[Opening Input material section]
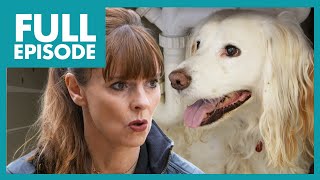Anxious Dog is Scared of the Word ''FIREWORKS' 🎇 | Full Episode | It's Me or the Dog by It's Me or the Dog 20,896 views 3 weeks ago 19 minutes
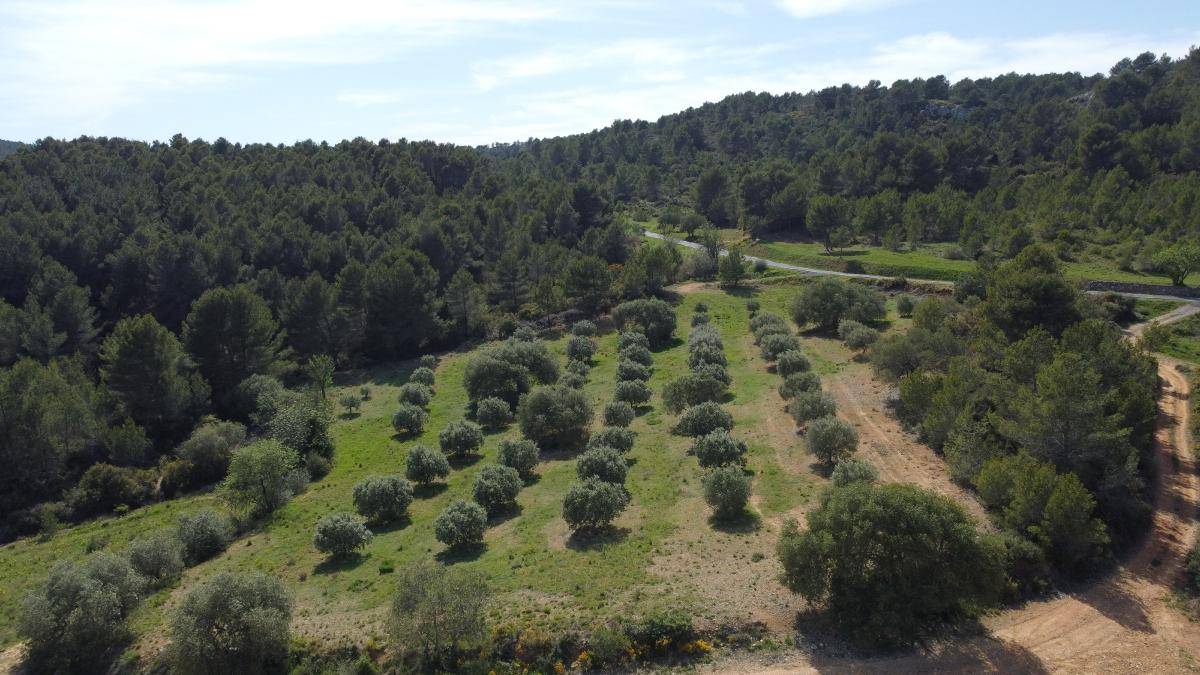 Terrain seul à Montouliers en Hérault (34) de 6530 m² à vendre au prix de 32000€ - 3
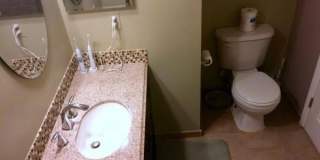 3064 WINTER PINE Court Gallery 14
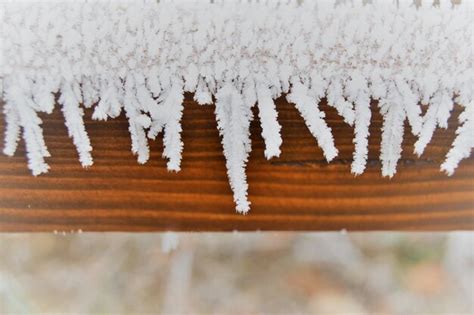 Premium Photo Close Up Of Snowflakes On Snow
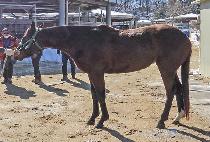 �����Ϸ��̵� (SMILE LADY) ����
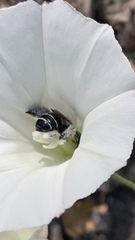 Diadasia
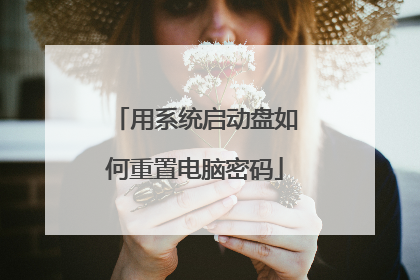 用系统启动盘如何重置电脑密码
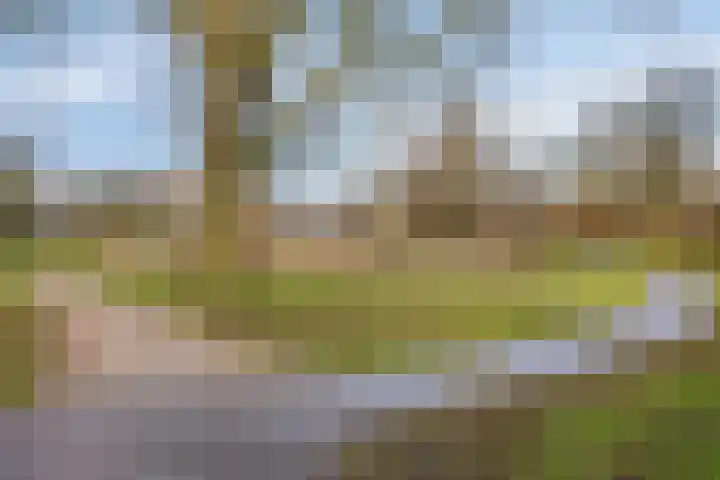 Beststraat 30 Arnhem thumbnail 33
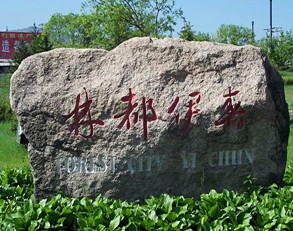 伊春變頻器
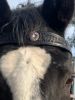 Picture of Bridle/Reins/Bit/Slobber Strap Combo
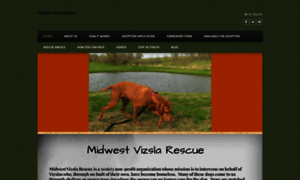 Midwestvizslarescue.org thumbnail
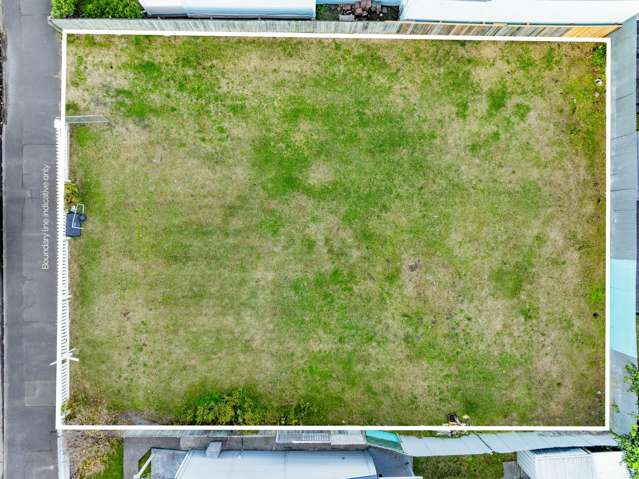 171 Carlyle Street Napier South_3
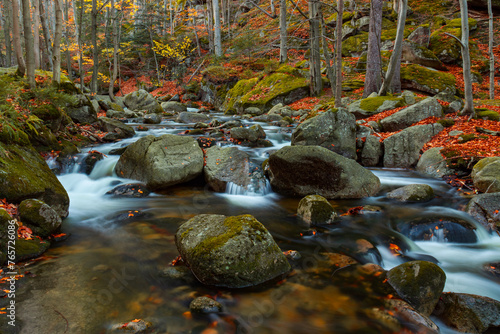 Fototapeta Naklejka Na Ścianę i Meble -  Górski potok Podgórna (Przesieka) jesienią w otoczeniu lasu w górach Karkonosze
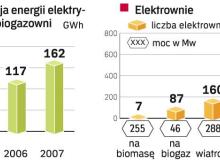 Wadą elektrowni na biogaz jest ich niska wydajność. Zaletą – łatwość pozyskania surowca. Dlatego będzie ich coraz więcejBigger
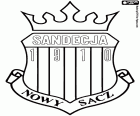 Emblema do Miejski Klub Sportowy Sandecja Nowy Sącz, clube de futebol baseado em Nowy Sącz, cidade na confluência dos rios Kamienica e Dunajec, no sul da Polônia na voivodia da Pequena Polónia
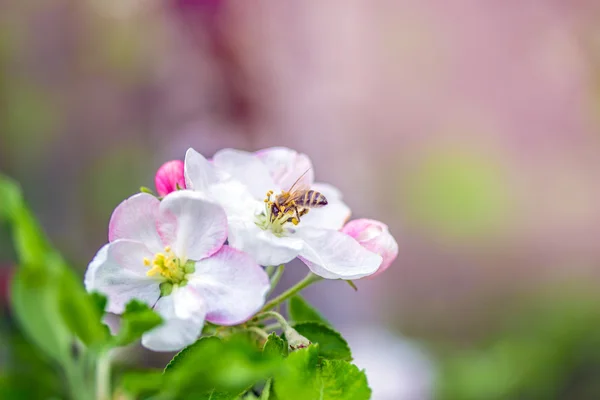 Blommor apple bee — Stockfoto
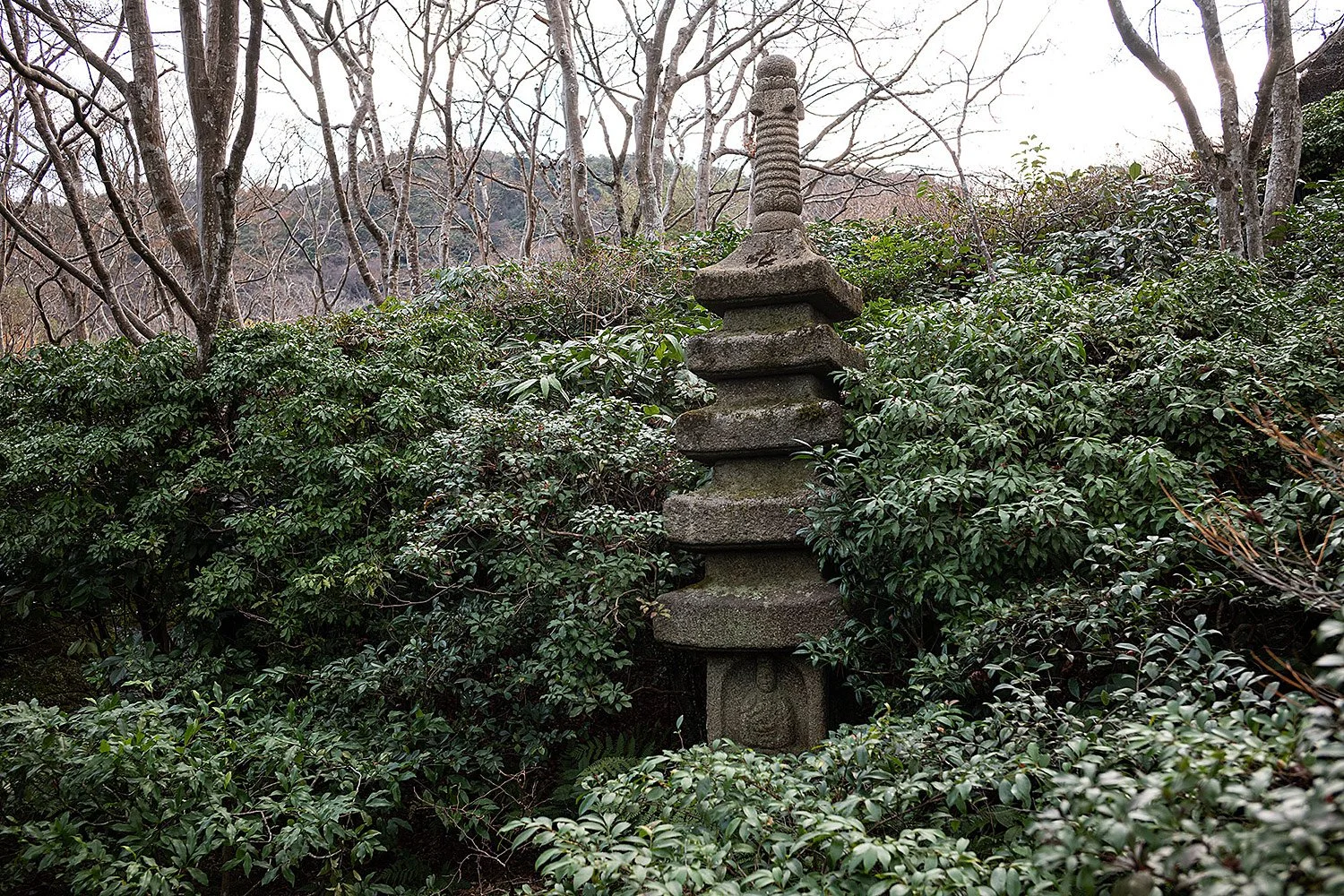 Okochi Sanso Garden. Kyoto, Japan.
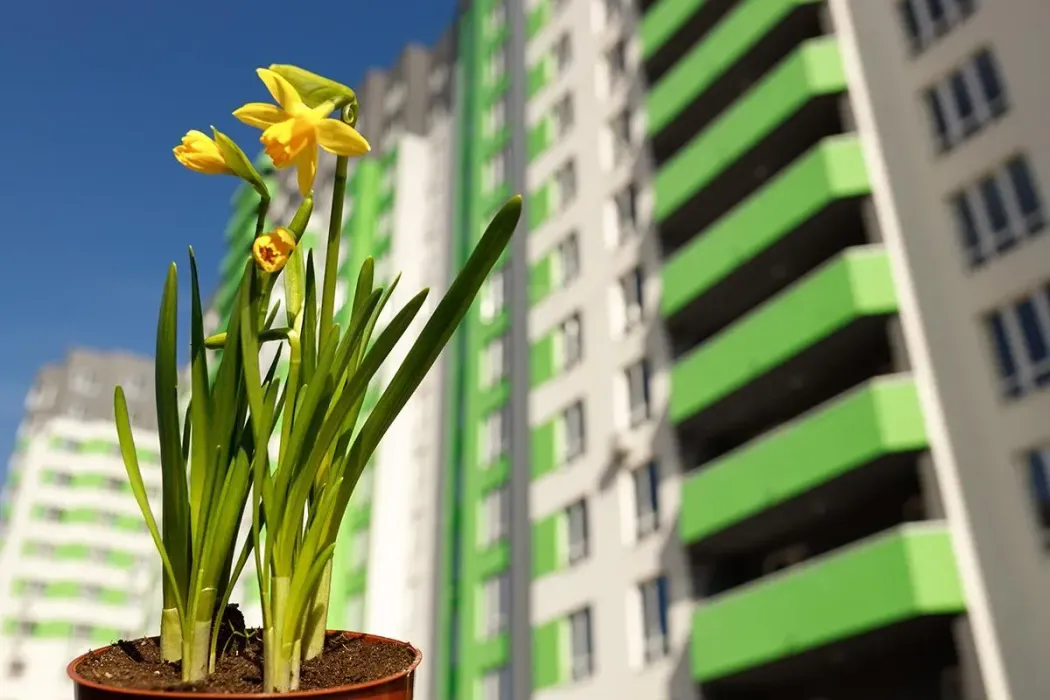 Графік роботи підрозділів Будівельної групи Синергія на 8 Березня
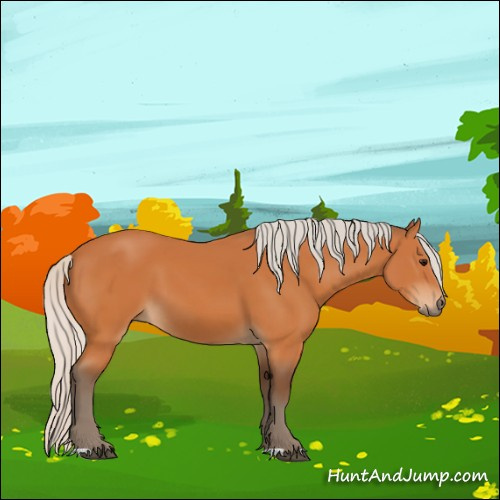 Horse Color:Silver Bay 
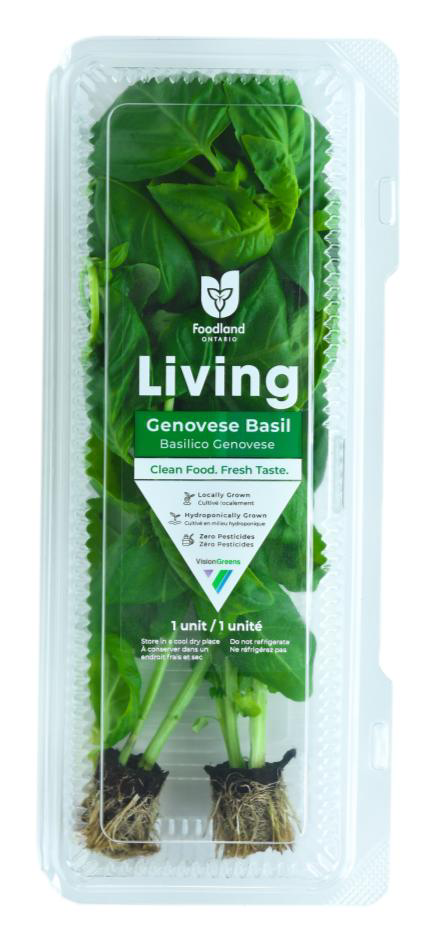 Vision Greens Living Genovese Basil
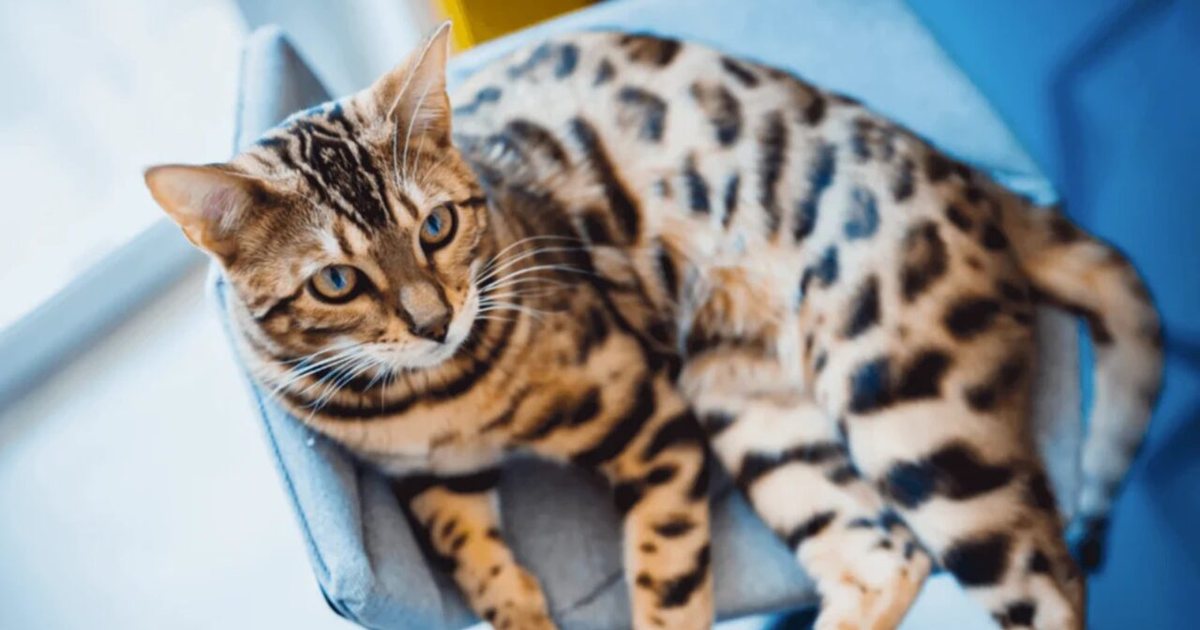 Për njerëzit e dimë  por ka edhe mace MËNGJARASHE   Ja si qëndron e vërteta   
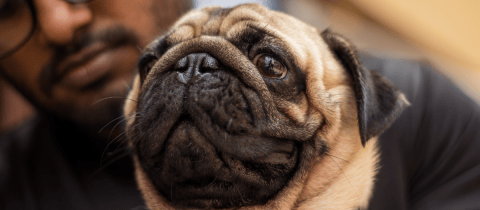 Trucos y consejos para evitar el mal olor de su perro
[Closing Input material section]
→ Task goal
Reproduce all the entries that precede this task, word for word, minus any pictures.

→ Output for this task
Anxious Dog is Scared of the Word ''FIREWORKS' 🎇 | Full Episode | It's Me or the Dog by It's Me or the Dog 20,896 views 3 weeks ago 19 minutes
 Terrain seul à Montouliers en Hérault (34) de 6530 m² à vendre au prix de 32000€ - 3
 3064 WINTER PINE Court Gallery 14
 Premium Photo Close Up Of Snowflakes On Snow
 �����Ϸ��̵� (SMILE LADY) ����
 Diadasia
 用系统启动盘如何重置电脑密码
 Beststraat 30 Arnhem thumbnail 33
 伊春變頻器
 Picture of Bridle/Reins/Bit/Slobber Strap Combo
 Midwestvizslarescue.org thumbnail
 171 Carlyle Street Napier South_3
 Fototapeta Naklejka Na Ścianę i Meble -  Górski potok Podgórna (Przesieka) jesienią w otoczeniu lasu w górach Karkonosze
 Wadą elektrowni na biogaz jest ich niska wydajność. Zaletą – łatwość pozyskania surowca. Dlatego będzie ich coraz więcejBigger
 Emblema do Miejski Klub Sportowy Sandecja Nowy Sącz, clube de futebol baseado em Nowy Sącz, cidade na confluência dos rios Kamienica e Dunajec, no sul da Polônia na voivodia da Pequena Polónia
 Blommor apple bee — Stockfoto
 Okochi Sanso Garden. Kyoto, Japan.
 Графік роботи підрозділів Будівельної групи Синергія на 8 Березня
 Horse Color:Silver Bay 
 Vision Greens Living Genovese Basil
 Për njerëzit e dimë  por ka edhe mace MËNGJARASHE   Ja si qëndron e vërteta   
 Trucos y consejos para evitar el mal olor de su perro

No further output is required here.